Right now we are facing a healthcare law that is deemed Constitutional because of the taxing power given to congress. Now you want to have a debate? A true and Honest Debate then lets start here. No Name calling, no "poor children" comments or racist comments. We all no deep down that this ruling is idiotic. Why? Because now I get to tell liberals they will be taxed for not owning a gun, or reading the bible and turning in a book report in two weeks. Do you see how dumb this is getting? When I read the constitution I see a taxing power. Yes I agree, they have that power. But I also read the constitution as it is written and I see nowhere in the constitution where they are allowed to tax for ANYTHING OTHER THAN WHAT IS CLEARLY STATED IN ARTICLE 1 Section 8. No where does it state healthcare, schools, food stamps etc.. Now here is where people like to end the debate with name calling and telling people how they like dumb children or dirty water or your not a christian or whatever.

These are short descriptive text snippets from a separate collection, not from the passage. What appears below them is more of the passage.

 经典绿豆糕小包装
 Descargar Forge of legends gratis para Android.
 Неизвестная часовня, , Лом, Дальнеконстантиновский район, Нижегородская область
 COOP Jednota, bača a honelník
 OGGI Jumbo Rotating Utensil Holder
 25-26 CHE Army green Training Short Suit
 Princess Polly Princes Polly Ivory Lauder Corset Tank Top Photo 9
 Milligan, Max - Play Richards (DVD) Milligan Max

Then when that don't work they like citing the general welfare clause without any real understanding of what it is.

Lets have an honest debate. Not on Orielly show where if you don't answer what HE wants then he shuts you up. I want a debate where you tell me yes the Government has the right to do that with evidence. Not a blanket statement saying the welfare clause allows them to do it. Because then I want you to explain to me why that clause was put into the constitution. What were the founders own words about that clause. I want to debate it until neither one of us can find any more evidence backing our claims. There is but one right answer. That is how we do it. It is designed to be a slow process so that we do not create what we have today.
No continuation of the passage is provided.